>>

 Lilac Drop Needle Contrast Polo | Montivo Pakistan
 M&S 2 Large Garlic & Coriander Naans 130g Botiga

<<
>>

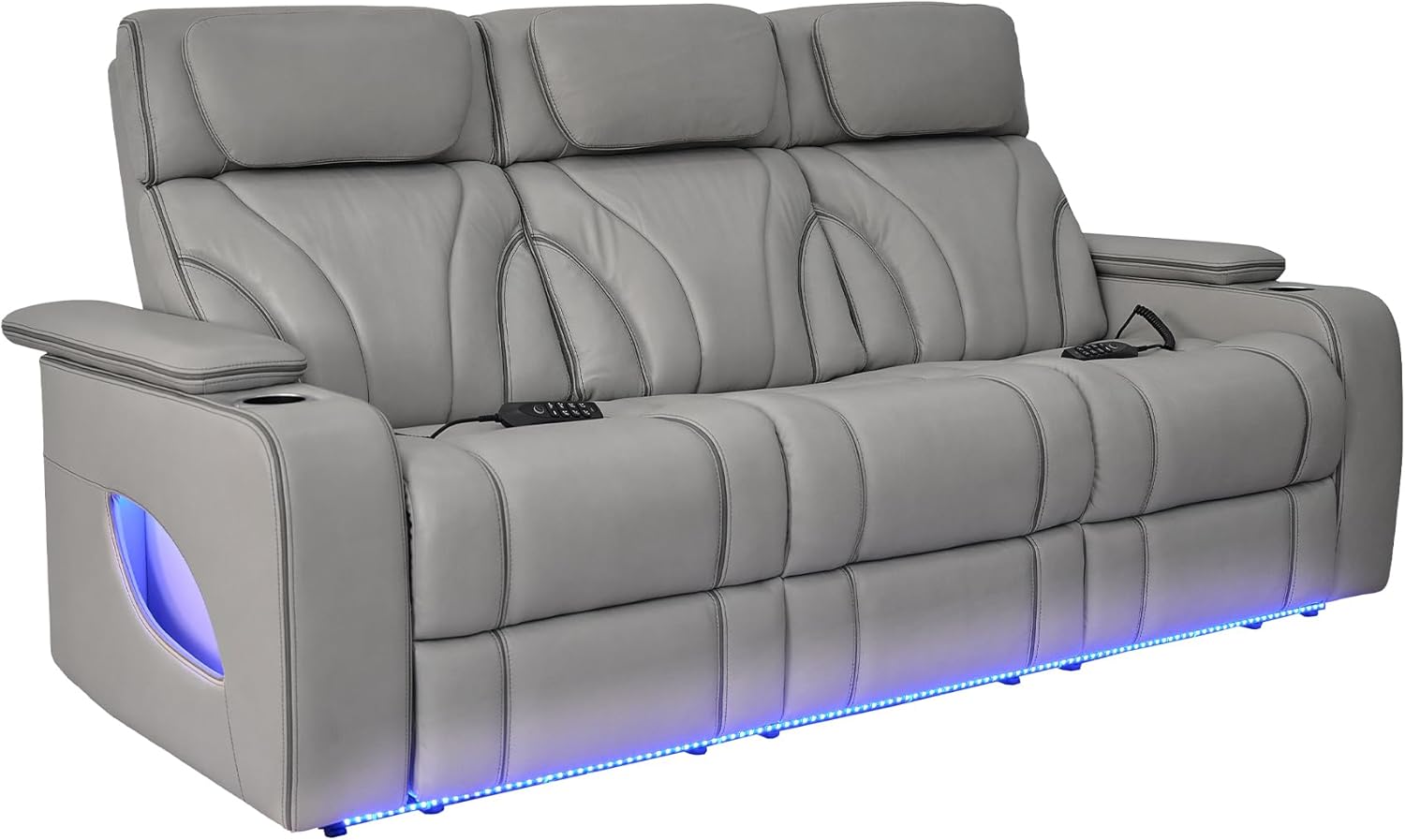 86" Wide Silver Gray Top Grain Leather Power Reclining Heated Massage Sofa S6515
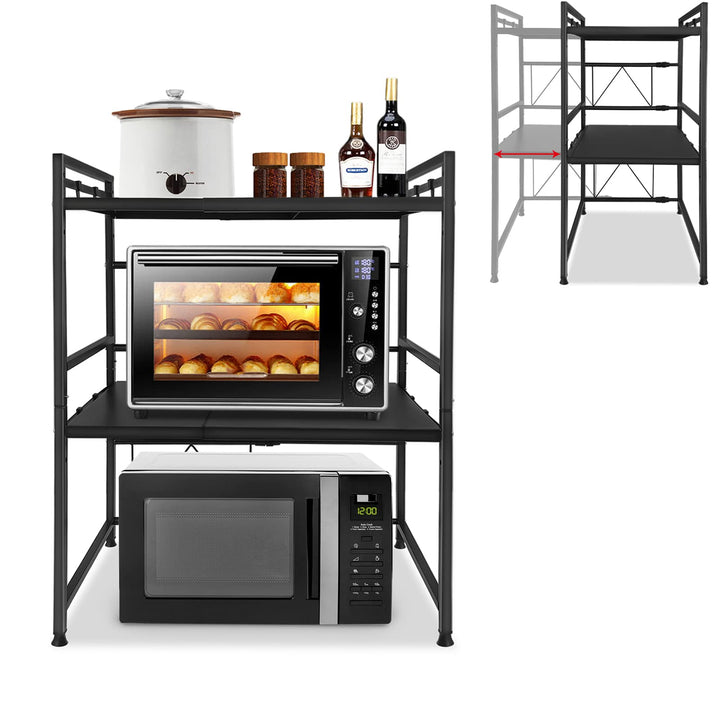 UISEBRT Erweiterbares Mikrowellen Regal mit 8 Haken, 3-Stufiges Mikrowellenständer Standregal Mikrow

<<

# [Problem statement]
Retype only the lines above from the one with "Massage Sofa S6515" through the one with "UISEBRT Erweiterbares Mikrowellen", exactly and with both ends. Images stay out.

# [Written response]
 86" Wide Silver Gray Top Grain Leather Power Reclining Heated Massage Sofa S6515
 UISEBRT Erweiterbares Mikrowellen Regal mit 8 Haken, 3-Stufiges Mikrowellenständer Standregal Mikrow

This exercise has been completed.